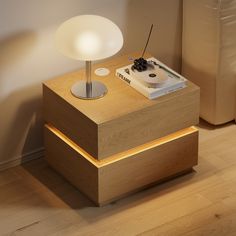 a wooden table with a white light on top and a record player sitting on it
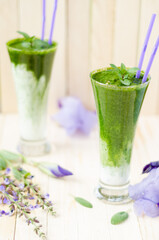 Two glasses of Healthy green smoothie with spinach, kiwi and oranges on light wooden table. Flowers in the background.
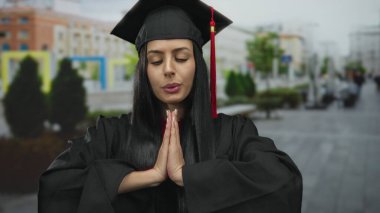 Latin kökenli genç bir kadın, mezuniyet elbisesi içinde, açık havada huzurlu bir ifadeyle akademi ve sükunetin dengeli bir karışımını sergiliyor.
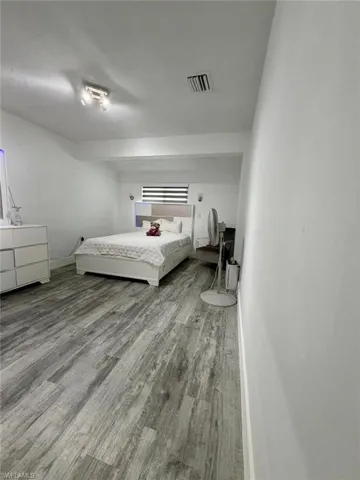 Bedroom featuring light wood-style floors and baseboards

Exercise directions » Would you output, word for word, only the lines running from the line with "Latin kökenli genç" to the end of the listing above, both ends included, with no pictures?

Solution to the problem »
 Latin kökenli genç bir kadın, mezuniyet elbisesi içinde, açık havada huzurlu bir ifadeyle akademi ve sükunetin dengeli bir karışımını sergiliyor.
 Bedroom featuring light wood-style floors and baseboards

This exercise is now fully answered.